Jagdeep speaking to some of the construction workers and officers when conducting a spot check at The Zen affordable housing project.

Among those present were Penang Housing Board general manager Ainul Fadhilah Samsudi and Asia Green Group director Tan Li Mei.

Jagdeep said he hoped to have a meeting with Reezal Merican to continue a strong relationship as he has had with Reezal’s predecessor Datuk Zuraida Kamaruddin. Reezal Merican held the Youth and Sports Minister’s post previously while Zuraida is now the Plantation, Industries and Commodities Minister.

“Penang has spent nearly RM300 million for the maintenance of public and private (low-cost and low medium-cost) housing schemes. The money is spent on upgrading lifts, changing leaking roofs and water tanks.

“We thank the Federal Government for allocating nearly RM30 million previously and for next year, we have requested for RM100 million allocation.

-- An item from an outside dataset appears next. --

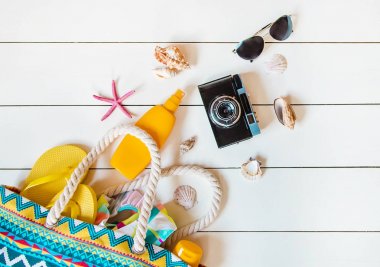 Arka plan yolculuğu. Deniz turu, eşyalar. Seçici odaklama.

And we would like to know how much will be allocated to Penang.

“Our letter will include several other housing issues, including the urban regeneration programme,” Jagdeep said.

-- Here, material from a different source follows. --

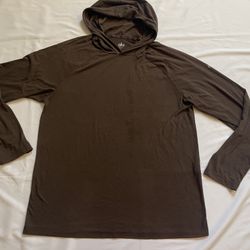 Alo Men Hoodie Long Sleeve Top Shirt Sweatshirt Activewear Pullover Brown Large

He said the state government aims to build 220,000 low-cost, low medium-cost and affordable units for the people of Penang by 2030 in line with the Penang2030 vision for a ‘Family-Focused, Green and Smart City that Inspires the Nation’.

To date, he revealed that 120,000 such units have been built in the state.

Construction of The Zen affordable housing project in progress.

The Zen housing project, which is being developed by Asia Green Properties Sdn Bhd, will have a total of 1,200 affordable units. Each unit is 850sq ft, costing RM300,000 and above.

Tan said the ongoing Covid-19 pandemic has disrupted construction works for The Zen project.

“We had earlier planned to complete the project by the end of 2022 but with the unpredictability of the Covid-19 situation, the construction may be completed by the beginning of 2023.

“The construction is not just hampered by the lockdowns but even when we are able to operate, we have difficulties in getting the supply of materials because some industries were still not functioning.

“The Zen is now approximately 40% complete. It’s not that we want to delay it and we hope the buyers will understand the challenges we are facing too,” Tan said.